▸ Exercise aim:
Omit every picture, then return each line of the data below exactly.

▸ The data:
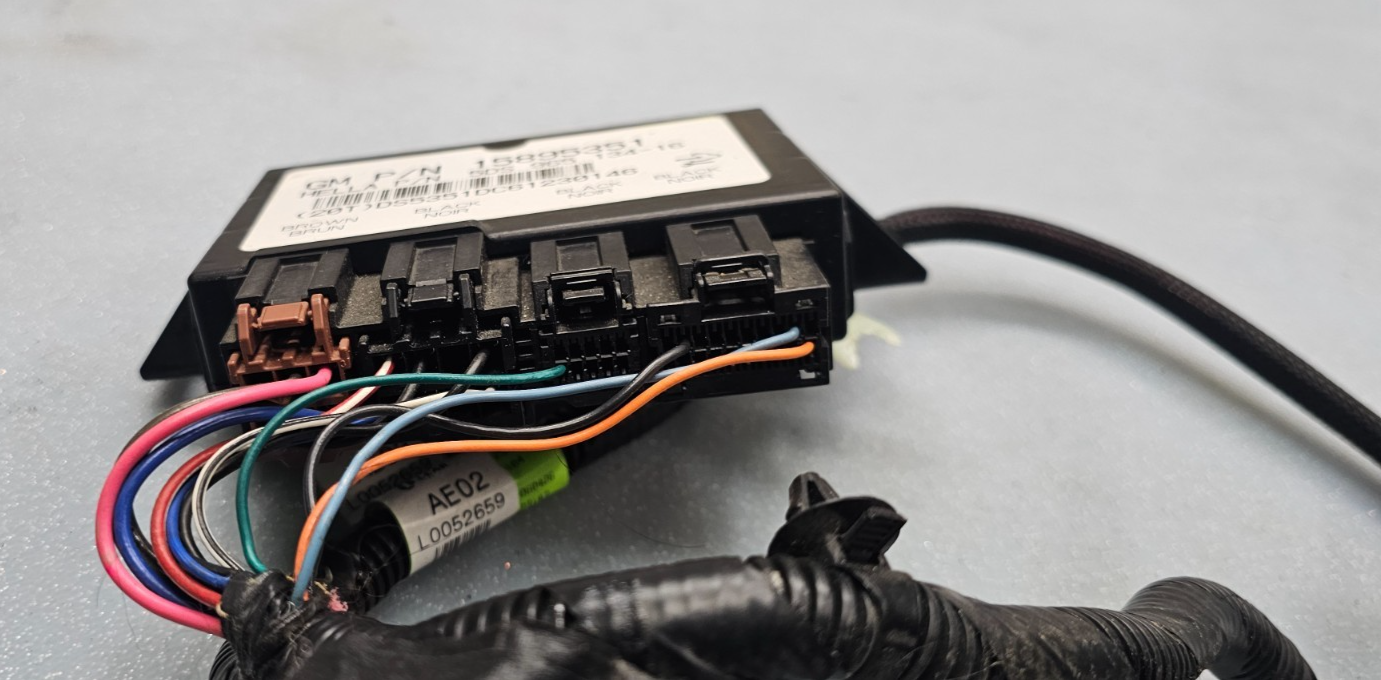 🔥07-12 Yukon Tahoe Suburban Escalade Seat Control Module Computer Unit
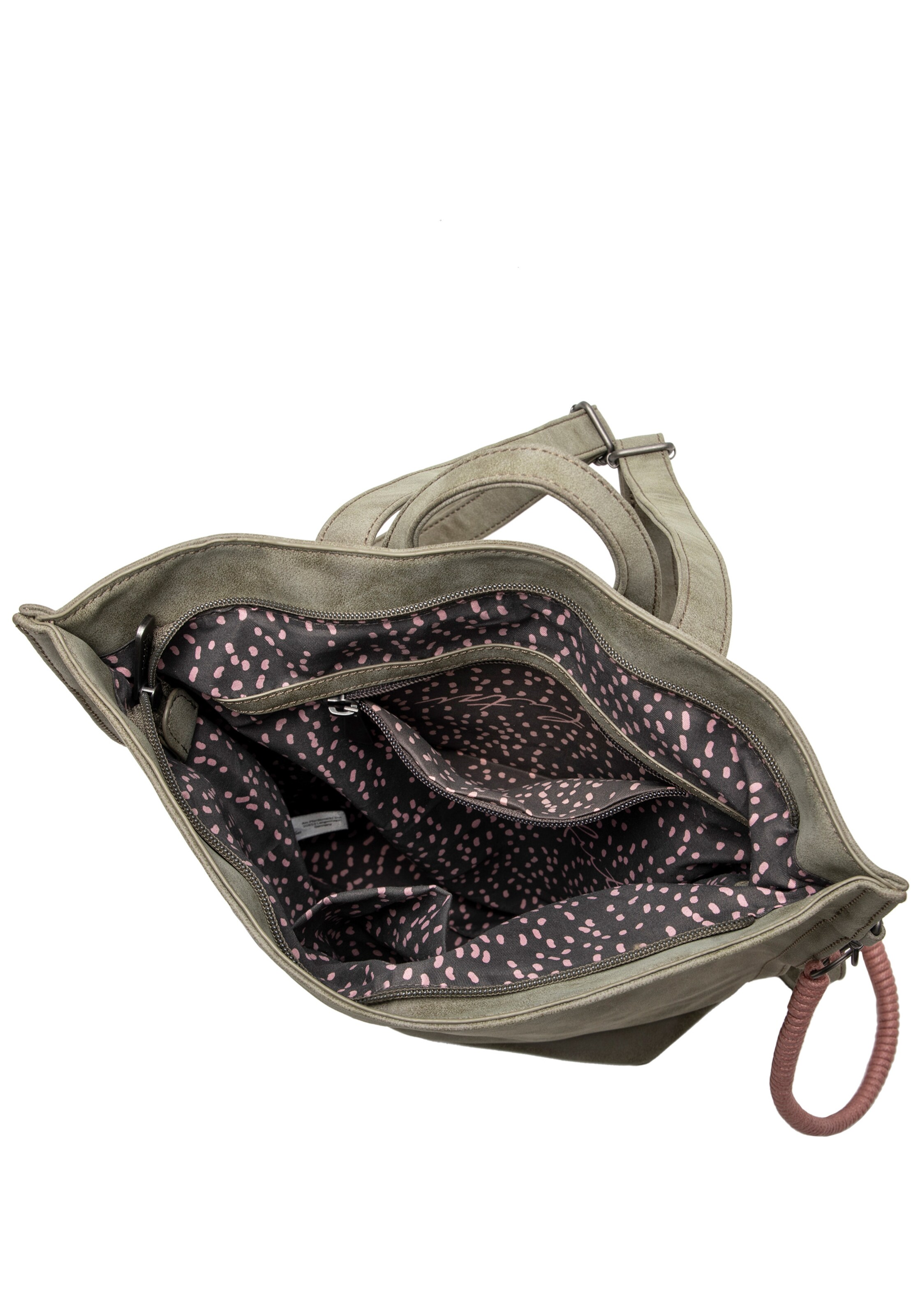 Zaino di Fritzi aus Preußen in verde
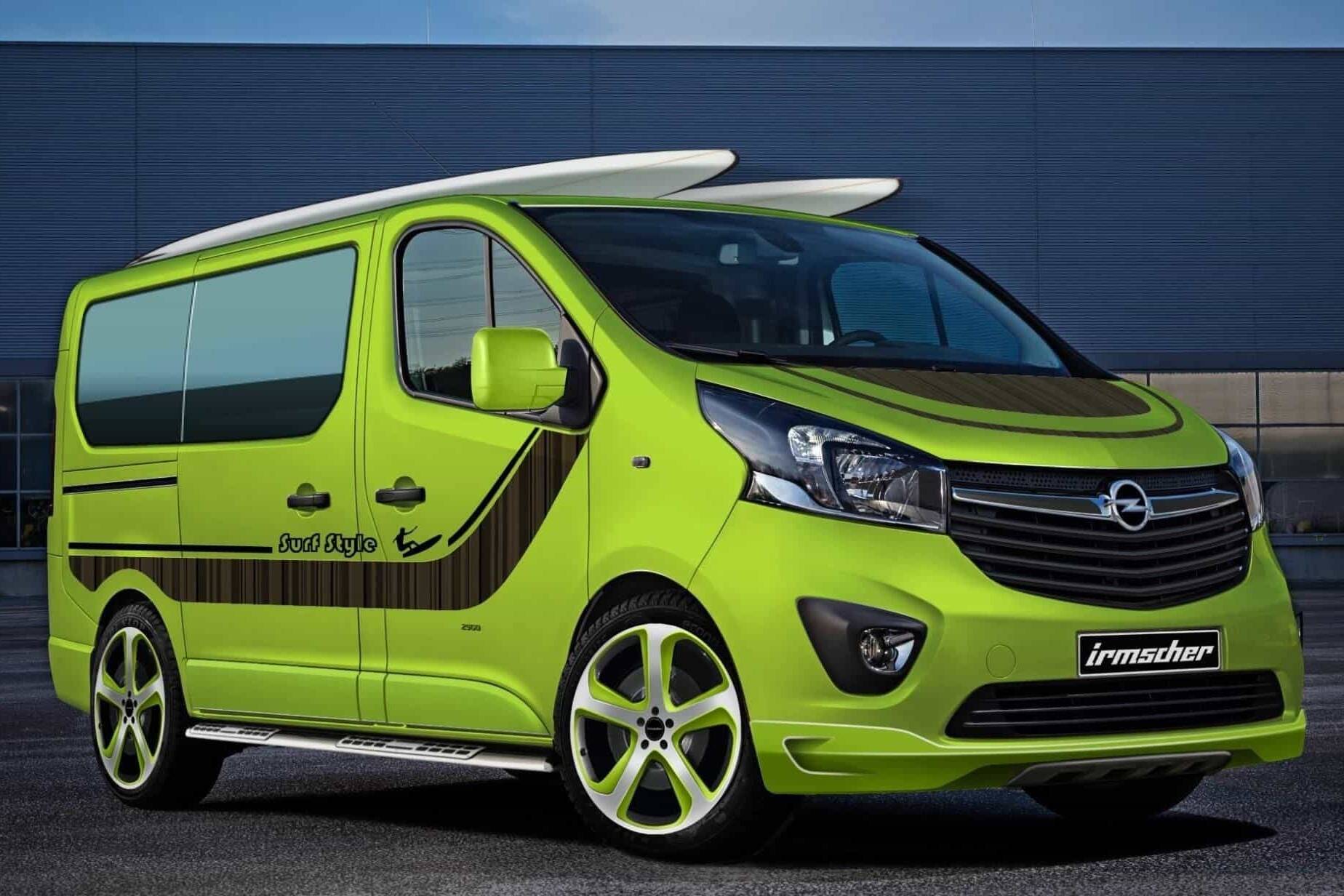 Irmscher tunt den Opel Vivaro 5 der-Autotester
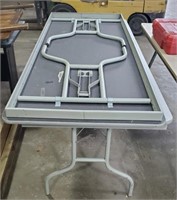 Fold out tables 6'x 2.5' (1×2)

▸ Task output:
 🔥07-12 Yukon Tahoe Suburban Escalade Seat Control Module Computer Unit
 Zaino di Fritzi aus Preußen in verde
 Irmscher tunt den Opel Vivaro 5 der-Autotester
 Fold out tables 6'x 2.5' (1×2)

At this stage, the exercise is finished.